Can’t access FAT32, NTFS drives from Redhat Linux

qa-featured

Hi Noran.

Red Hat 6 can mount and read FAT (also known as FAT16) and FAT32 partitions.  It does not have support for Microsoft's New Technology File System (NTFS) format.  Red Hat does not support the NTFS format because Microsoft holds the patent for it.  Fedora, Red Hat's development desktop can mount, on the other hand can read and write to NTFS partitions because, apparently, there are no legal limitations for the community-supported OS as compared to the enterprise-level Red Hat.

If you want a Linux distro that will peacefully co-exist with Windows, will let you access all your Windows drives and partitions, let you install the latest software, let you use the latest hardware and let you do other cool stuff that you can do with computers then I suggest to NOT use Red Hat.  Use Fedora, Ubuntu or Linuxmint instead.  Red Hat is meant to be used in a corporate or production environment where rock-stable performance and dependability are the main concerns.  It is really not meant for the casual home user.  But if you are going to do a lot of programming, server setups and other "serious" stuff then you can't go wrong with Red Hat.

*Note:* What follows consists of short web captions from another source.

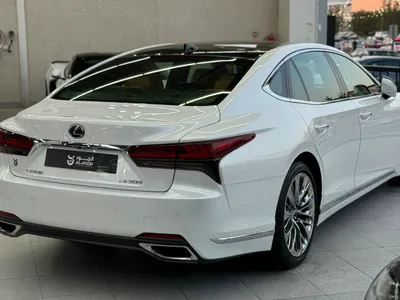 2022 لكزس إل إس 500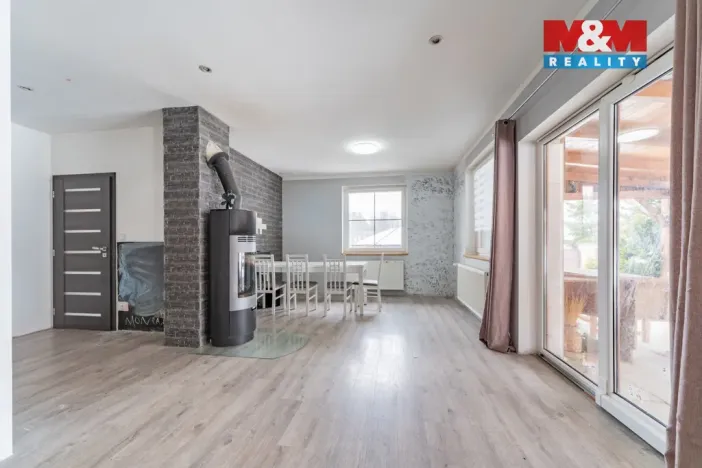 Prodej rodinného domu, Libá, 127 m2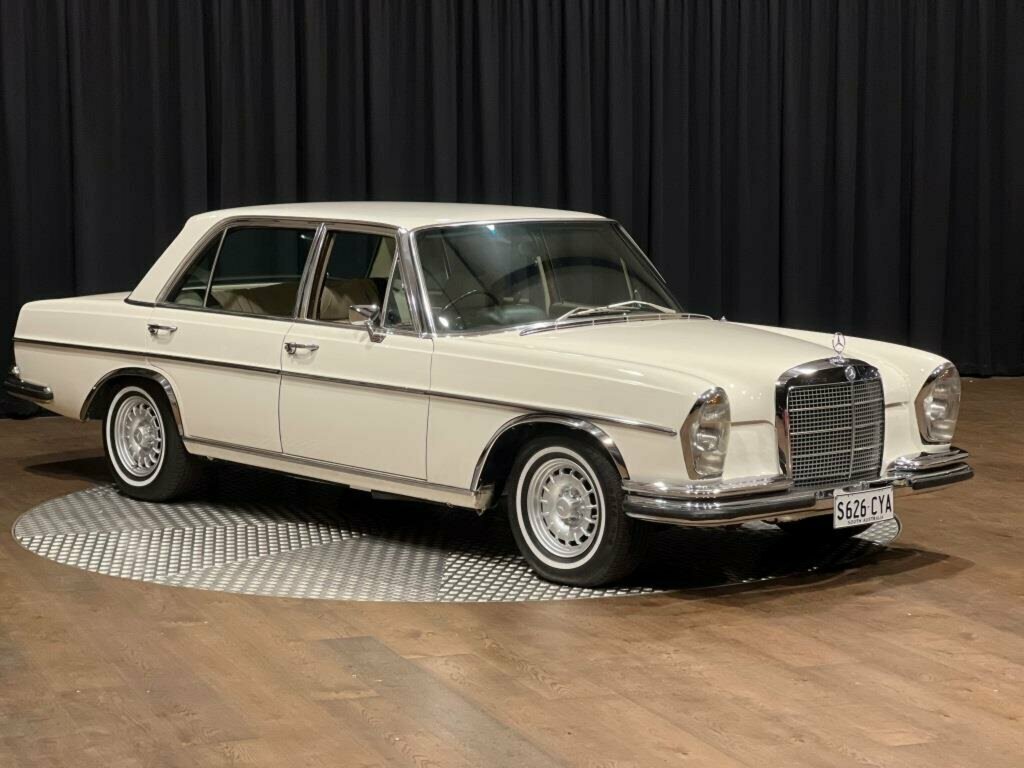 1970 MERCEDES-BENZ 300 SEL 3.5 3 SP AUTOMATIC 4D SEDAN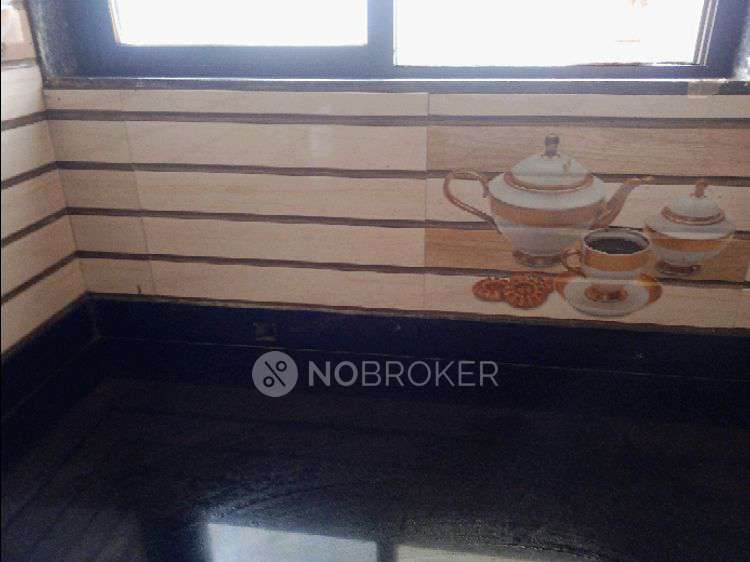 Shared Room for Female In 2 BHK  In Royal Cataleya In Kiwale, Pune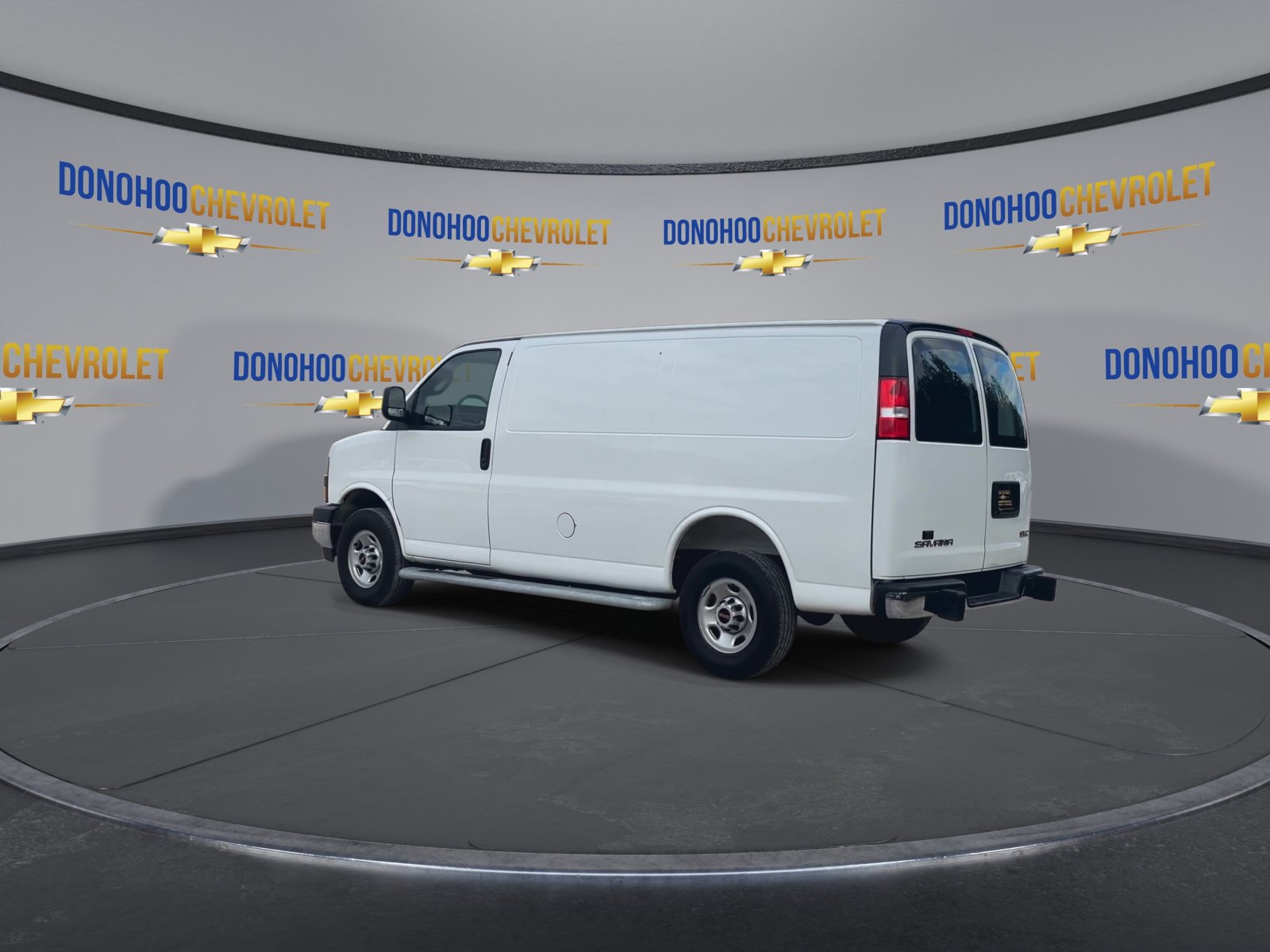Used 2025 GMC Savana 2500 w/ Driver Convenience Package RWD image 9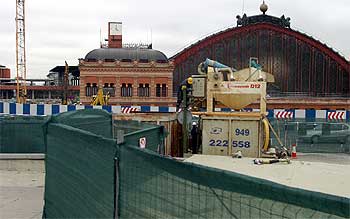 ATOCHA, RODEADA DE OBRAS.
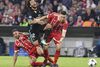 Bayerns Corentin Tolisso (tv), Real Madrids Marcelo (i midten) og Bayerns Niklas Suele i hæsblæsende jagt på bolden under onsdagens kamp. Foto: AP /Kerstin Joensson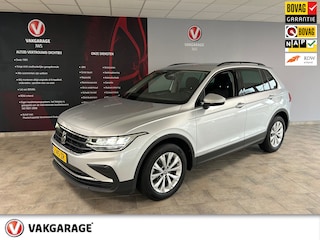 Volkswagen Tiguan 1.5 TSI Life rijklaar incl afl. beurt. en garantie.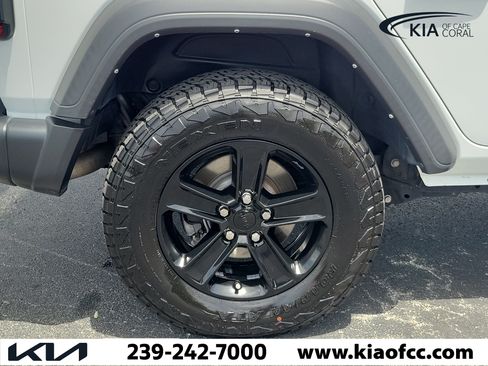 Used 2021 Jeep Wrangler Unlimited Sport AWD/4WD image 9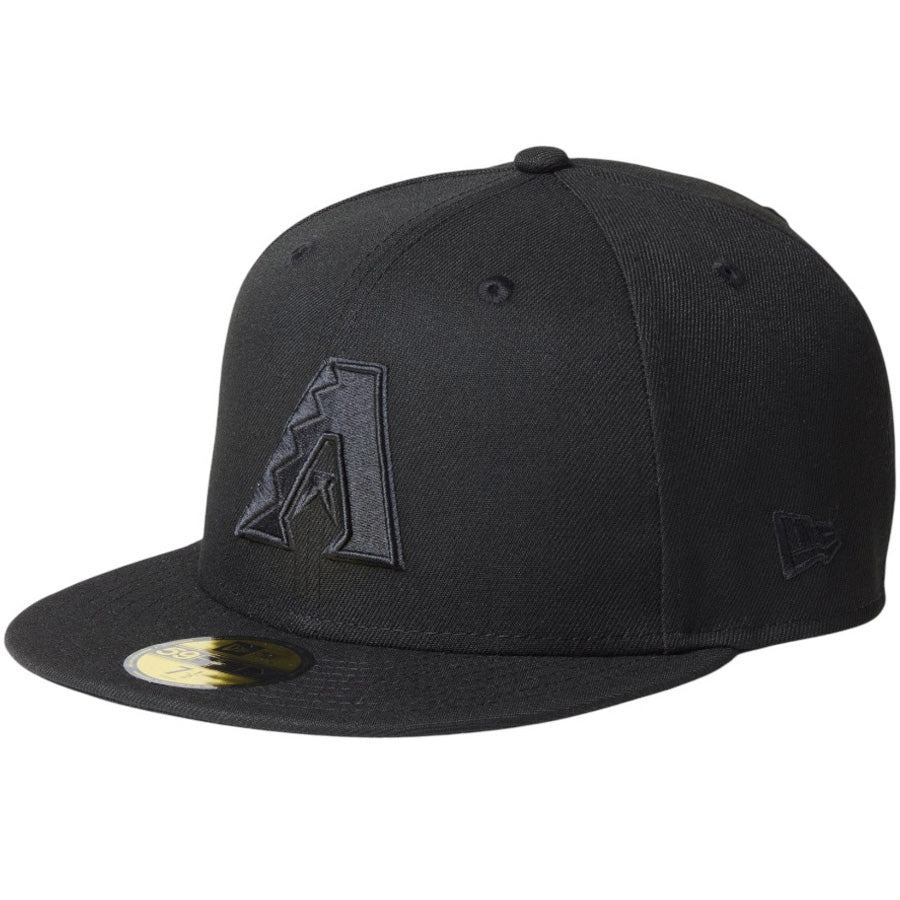 NEW ERA（ニューエラ）59FIFTY MLB Black on Black アリゾナ・ダイヤモンドバックス ブラック キャップ 左斜め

Answered By 0 points N/A #196633

Can’t access FAT32, NTFS drives from Redhat Linux

qa-featured

Hi.

Yes, RedHat can access FAT32 and ntfs partitions. To make this possible you should install dkms and ntfs-3g. Open terminal and type in sudo yum install dkms ntfs-3g and press enter. From Linux kernel 2.6 it is possible to read and write on ntfs partitions. Also upgrade your kernel to a newer version. On RedHat web site is a nice article how to do this so before upgrade you may read it. RedHat kernel upgrade. Newer kernels from RedHat have already compiled FAT32 and ntfs support but that may couse breaking of older packages. To access an FAT32 or ntfs partition you need to mount it. To mount it type in terminal mount /dev/sdx (where x is number of your ntfs partition ) /mnt and to unmount it type umount /dev/sdx. To mount them at boot you need to ad them to /etc/fstab file.